Dans une démonstration de force spectaculaire, des centaines de milliers de Bangladais ont envahi les rues de Dacca vendredi, brandissant drapeaux et banderoles aux couleurs du principal parti d’opposition. Leur message est clair : empêcher à tout prix “le retour des fascistes” au pouvoir, en référence à l’ancienne Première ministre controversée Sheikh Hasina.
Cette vague de protestation sans précédent ébranle le pays depuis la chute en août dernier du régime de Hasina, accusée par les défenseurs des droits humains d’avoir emprisonné et persécuté ses opposants politiques durant son long règne autoritaire. Aujourd’hui en exil, elle fait l’objet d’un mandat d’arrêt émis par la justice bangladaise.
Une révolution pour des élections libres et justes
Emmenés par le Parti nationaliste du Bangladesh (BNP), les manifestants sont descendus en masse dans les artères de la capitale pour exiger la tenue rapide d’élections générales transparentes. “Nous sommes ici pour protéger le droit de vote et empêcher le retour des fascistes”, a martelé Tarique Rahman, le vice-président du BNP s’exprimant depuis son exil au Royaume-Uni.
Le pays est actuellement dirigé par un gouvernement provisoire mené par le prix Nobel de la paix Muhammad Yunus. Ce dernier s’est engagé à réviser la Constitution et à organiser des élections, sans toutefois fixer de calendrier précis. Une situation qui inquiète l’opposition, craignant une reprise en main du pouvoir par les partisans de l’ex-dirigeante déchue.
Les manifestants sur leurs gardes
Mirza Fakhrul Islam Alamgir, le secrétaire général du BNP également en exil, a mis en garde la foule : “Sheikh Hasina a fui mais la conspiration continue. Ses associés complotent pour faire tomber le gouvernement. Il faut être très attentif”.

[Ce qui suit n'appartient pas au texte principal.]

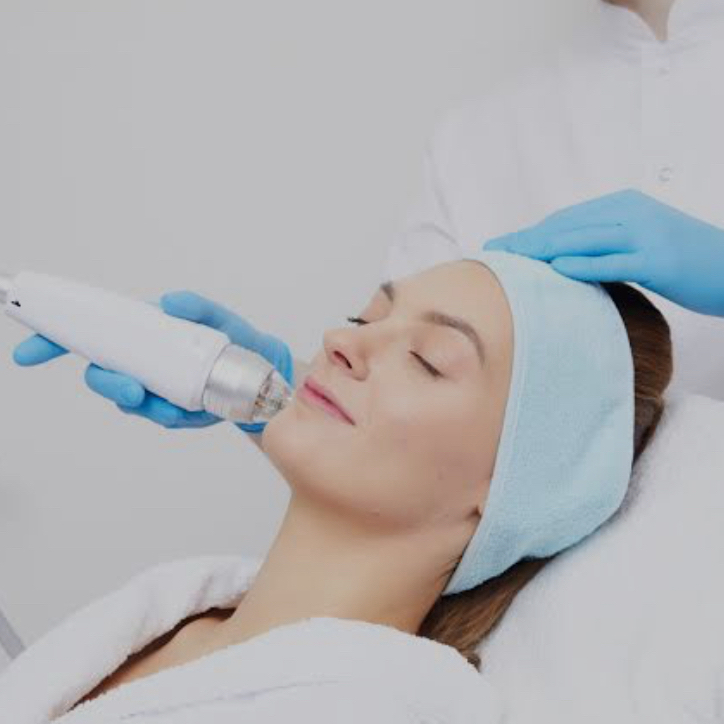 Микроигольчатый RF-лифтинг  (Лицо , шея )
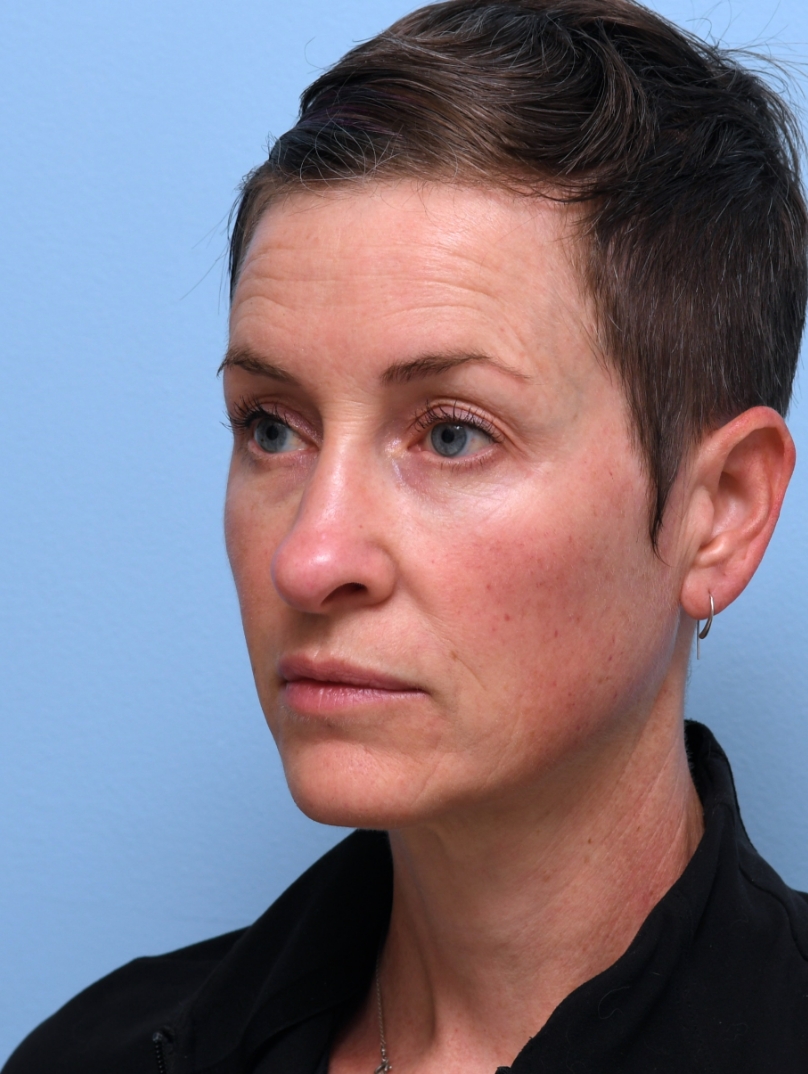 Over 1.5 Years Later: Still enjoying strong definition; time for a small touch-up.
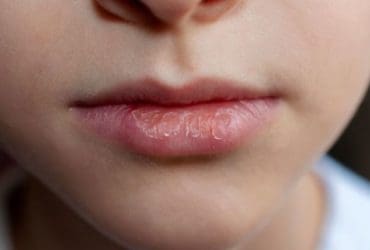 Comment en finir avec les lèvres sèches et gercées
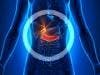 Rucaparib May Potentially Benefit Patients with Advanced Pancreatic Cancer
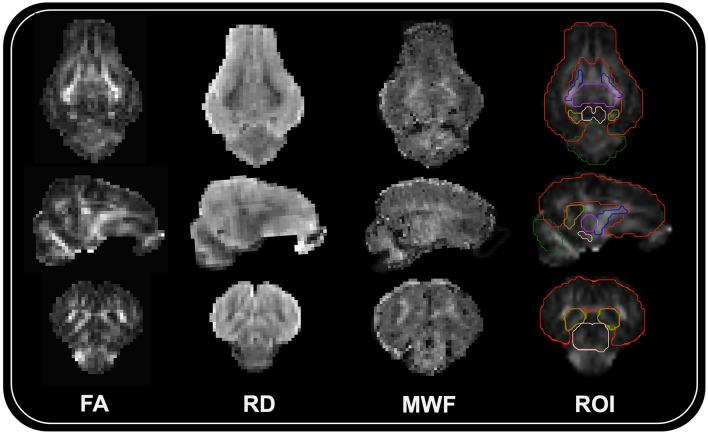 https://cdn.ncbi.nlm.nih.gov/pmc/blobs/1b64/12127305/13fba269069d/fnins-19-1576274-g0001.jpg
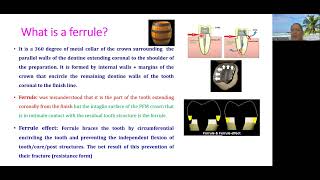 Managing of Insufficient Ferrule Effect [upl. by Aizitel922]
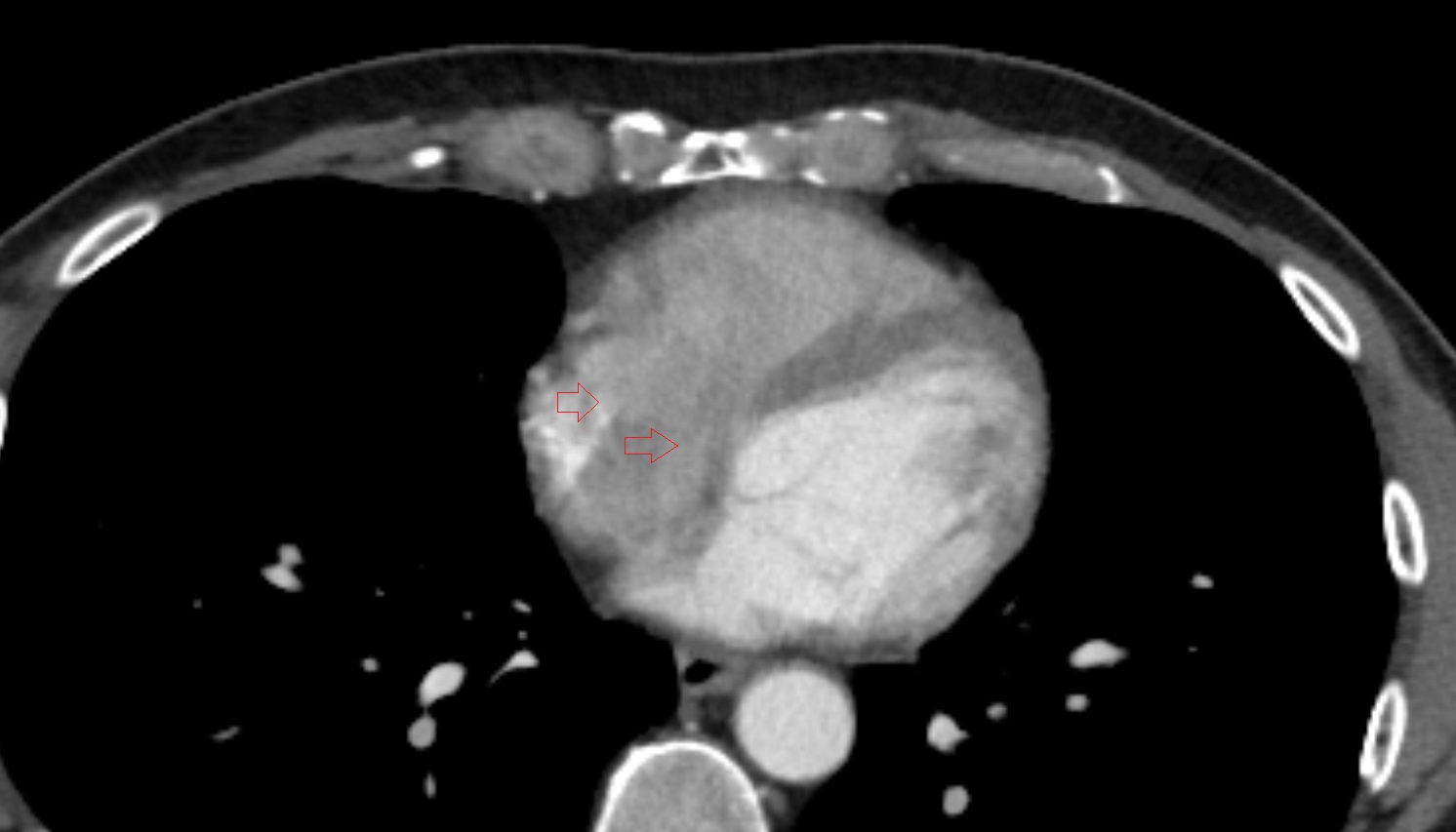 Tricuspid valve, Right atrioventricular valve  ct AXIAL  image -img-00000-00000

Les manifestants sont déterminés à ne rien lâcher tant que leur revendication principale, l’organisation d’un scrutin transparent et démocratique, n’aura pas été satisfaite. “Nous devons rester prudents. Si les autocrates sont partis, les forces du mal sont toujours là”, a insisté le numéro 2 du BNP Tarique Rahman, galvanisant les troupes.
L’ombre de Sheikh Hasina
Âgée de 77 ans, Sheikh Hasina a dirigé le Bangladesh d’une main de fer pendant près de 20 ans, étalés sur deux périodes (1996-2001 puis 2009-2024). Son bilan est entaché par les graves accusations d’exécutions extrajudiciaires, d’enlèvements et d’emprisonnements arbitraires visant ses opposants, portées par de nombreuses ONG.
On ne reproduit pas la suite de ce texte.